# Quantization Fundamentals – **Lesson 3**
# Loading Models in Different Data Types

> **Goal:** Explore how casting a model’s parameters to lower-precision dtypes (FP16, BF16) affects inference on CPU/GPU, and learn safe workflows to inspect & convert models.


## 0 · Setup

In [None]:
# Make sure we’re using a torch version that supports BF16 on CPU
#!pip install --quiet torch==2.1.1
#!pip install --quiet transformers pillow requests

In [None]:
import torch
import torch.nn as nn
from copy import deepcopy

import requests, math, gc
from transformers import BlipForConditionalGeneration, BlipProcessor
from PIL import Image
from pathlib import Path
from itertools import islice

## 1 · Dummy Model Definition  
*Replace / modify this section with your own architecture as needed.*


In [None]:

# Paste or edit the DummyModel definition here
class DummyModel(nn.Module):
  """
  A dummy model that consists of an embedding layer
  with two blocks of a linear layer followed by a layer
  norm layer.
  """
  def __init__(self):
    super().__init__()

    torch.manual_seed(123)

    self.token_embedding = nn.Embedding(2, 2)

    # Block 1
    self.linear_1 = nn.Linear(2, 2)
    self.layernorm_1 = nn.LayerNorm(2)

    # Block 2
    self.linear_2 = nn.Linear(2, 2)
    self.layernorm_2 = nn.LayerNorm(2)

    self.head = nn.Linear(2, 2)

  def forward(self, x):
    hidden_states = self.token_embedding(x)

    # Block 1
    hidden_states = self.linear_1(hidden_states)
    hidden_states = self.layernorm_1(hidden_states)

    # Block 2
    hidden_states = self.linear_2(hidden_states)
    hidden_states = self.layernorm_2(hidden_states)

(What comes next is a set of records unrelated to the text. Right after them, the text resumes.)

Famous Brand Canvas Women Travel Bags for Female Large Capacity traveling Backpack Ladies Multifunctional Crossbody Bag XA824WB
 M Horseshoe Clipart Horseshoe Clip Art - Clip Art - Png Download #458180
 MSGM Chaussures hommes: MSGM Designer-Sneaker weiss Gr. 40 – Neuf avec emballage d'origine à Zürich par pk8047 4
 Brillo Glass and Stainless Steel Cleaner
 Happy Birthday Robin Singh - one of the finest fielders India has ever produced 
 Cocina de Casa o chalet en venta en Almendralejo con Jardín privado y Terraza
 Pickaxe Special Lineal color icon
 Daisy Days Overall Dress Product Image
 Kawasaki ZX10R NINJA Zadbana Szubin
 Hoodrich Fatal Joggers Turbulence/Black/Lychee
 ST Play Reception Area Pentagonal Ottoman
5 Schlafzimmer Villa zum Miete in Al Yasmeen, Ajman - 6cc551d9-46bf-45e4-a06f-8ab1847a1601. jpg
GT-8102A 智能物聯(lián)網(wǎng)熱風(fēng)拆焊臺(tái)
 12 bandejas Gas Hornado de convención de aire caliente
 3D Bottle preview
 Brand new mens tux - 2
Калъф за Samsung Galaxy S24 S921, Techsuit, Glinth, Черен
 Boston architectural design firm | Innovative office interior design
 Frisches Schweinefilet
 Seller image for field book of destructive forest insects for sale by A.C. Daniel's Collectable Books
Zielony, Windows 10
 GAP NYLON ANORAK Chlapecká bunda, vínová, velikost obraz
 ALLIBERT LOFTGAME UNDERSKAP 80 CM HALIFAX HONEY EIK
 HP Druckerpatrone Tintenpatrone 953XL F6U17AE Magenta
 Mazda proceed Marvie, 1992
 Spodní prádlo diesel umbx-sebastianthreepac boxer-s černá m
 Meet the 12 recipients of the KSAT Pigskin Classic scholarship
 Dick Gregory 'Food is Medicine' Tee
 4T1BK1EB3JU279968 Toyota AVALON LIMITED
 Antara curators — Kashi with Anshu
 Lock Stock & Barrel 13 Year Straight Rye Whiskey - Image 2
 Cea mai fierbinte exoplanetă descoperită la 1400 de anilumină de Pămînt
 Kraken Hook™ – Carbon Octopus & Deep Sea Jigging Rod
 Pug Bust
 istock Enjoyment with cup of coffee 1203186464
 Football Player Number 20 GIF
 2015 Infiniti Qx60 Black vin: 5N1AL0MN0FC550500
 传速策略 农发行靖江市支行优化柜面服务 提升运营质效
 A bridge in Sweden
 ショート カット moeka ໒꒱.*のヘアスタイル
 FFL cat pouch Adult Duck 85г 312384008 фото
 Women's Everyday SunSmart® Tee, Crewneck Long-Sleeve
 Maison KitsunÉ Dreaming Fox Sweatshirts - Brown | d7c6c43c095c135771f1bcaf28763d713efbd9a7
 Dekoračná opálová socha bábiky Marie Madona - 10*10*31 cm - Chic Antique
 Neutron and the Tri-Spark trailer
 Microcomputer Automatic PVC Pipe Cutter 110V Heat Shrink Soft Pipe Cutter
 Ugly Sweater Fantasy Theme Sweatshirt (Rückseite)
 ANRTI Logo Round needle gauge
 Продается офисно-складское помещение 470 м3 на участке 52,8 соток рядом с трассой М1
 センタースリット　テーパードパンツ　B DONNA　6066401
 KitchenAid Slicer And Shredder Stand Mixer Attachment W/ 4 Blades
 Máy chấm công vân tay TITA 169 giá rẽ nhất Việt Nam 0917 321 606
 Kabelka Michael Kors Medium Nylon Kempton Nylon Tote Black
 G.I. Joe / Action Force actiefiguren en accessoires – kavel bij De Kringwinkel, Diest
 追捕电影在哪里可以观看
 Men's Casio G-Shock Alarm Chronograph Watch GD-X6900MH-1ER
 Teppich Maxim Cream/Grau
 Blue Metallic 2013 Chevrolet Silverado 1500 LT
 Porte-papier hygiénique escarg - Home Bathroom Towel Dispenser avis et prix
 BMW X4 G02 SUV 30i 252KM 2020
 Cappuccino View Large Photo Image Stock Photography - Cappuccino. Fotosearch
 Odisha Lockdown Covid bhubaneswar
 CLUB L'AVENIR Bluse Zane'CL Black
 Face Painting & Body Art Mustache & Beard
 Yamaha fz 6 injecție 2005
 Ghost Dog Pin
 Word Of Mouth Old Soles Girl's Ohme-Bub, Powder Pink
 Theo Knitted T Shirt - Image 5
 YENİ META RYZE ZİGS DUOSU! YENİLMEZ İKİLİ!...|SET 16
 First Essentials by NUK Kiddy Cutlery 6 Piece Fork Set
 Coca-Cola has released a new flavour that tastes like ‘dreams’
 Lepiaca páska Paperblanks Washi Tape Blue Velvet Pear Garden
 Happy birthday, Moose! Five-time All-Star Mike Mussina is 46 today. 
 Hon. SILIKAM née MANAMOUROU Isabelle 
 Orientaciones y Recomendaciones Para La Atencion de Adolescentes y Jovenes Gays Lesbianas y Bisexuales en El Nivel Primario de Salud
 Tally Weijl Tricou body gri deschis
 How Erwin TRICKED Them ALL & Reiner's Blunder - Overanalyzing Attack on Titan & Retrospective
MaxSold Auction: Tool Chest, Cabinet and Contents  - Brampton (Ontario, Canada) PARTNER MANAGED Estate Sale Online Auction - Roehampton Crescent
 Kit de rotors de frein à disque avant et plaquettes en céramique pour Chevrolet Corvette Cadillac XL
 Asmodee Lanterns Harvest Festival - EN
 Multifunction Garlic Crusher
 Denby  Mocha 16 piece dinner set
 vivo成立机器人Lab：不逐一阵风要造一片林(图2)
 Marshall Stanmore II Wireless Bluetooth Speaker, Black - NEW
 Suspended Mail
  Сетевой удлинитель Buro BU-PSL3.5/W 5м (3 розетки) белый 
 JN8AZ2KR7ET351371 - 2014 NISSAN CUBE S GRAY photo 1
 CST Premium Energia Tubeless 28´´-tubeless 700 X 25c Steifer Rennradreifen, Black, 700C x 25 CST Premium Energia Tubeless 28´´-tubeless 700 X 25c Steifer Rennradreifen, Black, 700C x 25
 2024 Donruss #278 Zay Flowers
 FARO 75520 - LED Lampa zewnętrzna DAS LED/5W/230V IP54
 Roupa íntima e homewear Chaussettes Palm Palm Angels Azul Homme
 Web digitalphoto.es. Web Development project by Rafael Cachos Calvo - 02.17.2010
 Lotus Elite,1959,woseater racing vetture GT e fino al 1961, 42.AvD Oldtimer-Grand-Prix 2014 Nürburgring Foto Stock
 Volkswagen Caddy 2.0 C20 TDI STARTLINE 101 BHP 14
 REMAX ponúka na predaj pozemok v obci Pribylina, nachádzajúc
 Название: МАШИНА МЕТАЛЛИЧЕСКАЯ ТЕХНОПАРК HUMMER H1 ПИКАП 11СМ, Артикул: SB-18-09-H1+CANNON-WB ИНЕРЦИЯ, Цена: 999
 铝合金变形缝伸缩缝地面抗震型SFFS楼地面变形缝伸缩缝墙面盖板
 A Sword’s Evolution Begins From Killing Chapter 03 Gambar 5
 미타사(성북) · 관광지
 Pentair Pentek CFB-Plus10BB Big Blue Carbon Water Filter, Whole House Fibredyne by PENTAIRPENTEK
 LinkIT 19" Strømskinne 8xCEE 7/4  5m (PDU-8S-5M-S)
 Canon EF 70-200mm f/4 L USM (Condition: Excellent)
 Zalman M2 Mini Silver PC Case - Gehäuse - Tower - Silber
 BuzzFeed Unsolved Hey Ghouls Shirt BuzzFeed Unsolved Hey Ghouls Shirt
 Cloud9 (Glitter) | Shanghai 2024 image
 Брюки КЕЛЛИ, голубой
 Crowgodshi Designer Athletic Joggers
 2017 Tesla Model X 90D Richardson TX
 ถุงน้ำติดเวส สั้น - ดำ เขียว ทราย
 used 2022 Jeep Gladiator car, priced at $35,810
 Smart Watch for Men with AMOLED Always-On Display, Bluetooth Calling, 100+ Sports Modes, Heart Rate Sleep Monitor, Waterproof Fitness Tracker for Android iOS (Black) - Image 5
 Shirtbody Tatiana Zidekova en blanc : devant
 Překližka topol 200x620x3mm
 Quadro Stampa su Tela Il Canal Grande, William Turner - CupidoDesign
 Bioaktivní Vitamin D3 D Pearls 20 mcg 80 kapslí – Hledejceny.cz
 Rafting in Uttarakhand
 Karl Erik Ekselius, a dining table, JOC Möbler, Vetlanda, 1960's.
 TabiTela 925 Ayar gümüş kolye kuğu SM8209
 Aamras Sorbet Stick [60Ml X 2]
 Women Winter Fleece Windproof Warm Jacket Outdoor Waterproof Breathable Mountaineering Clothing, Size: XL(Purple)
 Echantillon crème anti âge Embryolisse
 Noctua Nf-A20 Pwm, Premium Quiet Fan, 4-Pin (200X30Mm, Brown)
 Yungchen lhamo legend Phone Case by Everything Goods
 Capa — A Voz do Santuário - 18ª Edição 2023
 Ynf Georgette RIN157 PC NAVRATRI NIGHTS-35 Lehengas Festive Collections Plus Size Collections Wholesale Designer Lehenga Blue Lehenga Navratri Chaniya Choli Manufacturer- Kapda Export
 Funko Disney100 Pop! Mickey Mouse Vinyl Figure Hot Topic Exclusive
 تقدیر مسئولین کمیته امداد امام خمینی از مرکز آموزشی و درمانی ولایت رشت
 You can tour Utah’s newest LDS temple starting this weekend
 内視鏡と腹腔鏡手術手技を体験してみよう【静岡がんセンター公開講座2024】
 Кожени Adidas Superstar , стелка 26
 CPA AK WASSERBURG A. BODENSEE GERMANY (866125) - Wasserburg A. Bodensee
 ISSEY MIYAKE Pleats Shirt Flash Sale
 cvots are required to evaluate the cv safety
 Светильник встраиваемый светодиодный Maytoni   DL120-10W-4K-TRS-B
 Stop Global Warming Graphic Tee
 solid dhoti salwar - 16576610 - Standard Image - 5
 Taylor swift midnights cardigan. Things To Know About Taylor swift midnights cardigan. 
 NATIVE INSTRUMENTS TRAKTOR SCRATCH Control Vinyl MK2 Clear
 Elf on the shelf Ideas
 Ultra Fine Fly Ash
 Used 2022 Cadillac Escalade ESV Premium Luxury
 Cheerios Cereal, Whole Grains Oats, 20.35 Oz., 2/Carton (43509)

    logits = self.head(hidden_states)
    return logits


In [None]:
model = DummyModel()  # baseline FP32 model
display(model)

## 2 · Utility: Inspect Parameter dtypes 
**Observation:** By default, PyTorch creates all learnable parameters in **`torch.float32`** (32‑bit single precision), which offers ~7 decimal digits of precision.


In [None]:
def print_param_dtype(m):
    """Print each parameter name and its torch.dtype."""
    for name, param in m.named_parameters():
        print(f"{name:<25}  →  {param.dtype}")

In [None]:
print("FP32 (default) model parameter dtypes:\n")
print_param_dtype(model)

## 3 · Casting to **FP16**

In [None]:
model_fp16 = DummyModel().half()  # quick cast helper
print("\nAfter .half():")
print_param_dtype(model_fp16)

In [None]:
### 3.1 · Inference Test
dummy_input = torch.LongTensor([[1, 0], [0, 1]])

# FP32 reference output
logits_fp32 = model(dummy_input)
print("FP32 logits:\n", logits_fp32)

# FP16 forward pass (CPU)
try:
    logits_fp16 = model_fp16(dummy_input)
except Exception as e:
    print("\033[91m", type(e).__name__, ":", e, "\033[0m")


**Why it fails:** Many CPU kernels (e.g. `aten::embedding`) don’t have **Half** (FP16) support. FP16 is primarily intended for **NVIDIA GPUs** (Tensor Cores) or recent chips.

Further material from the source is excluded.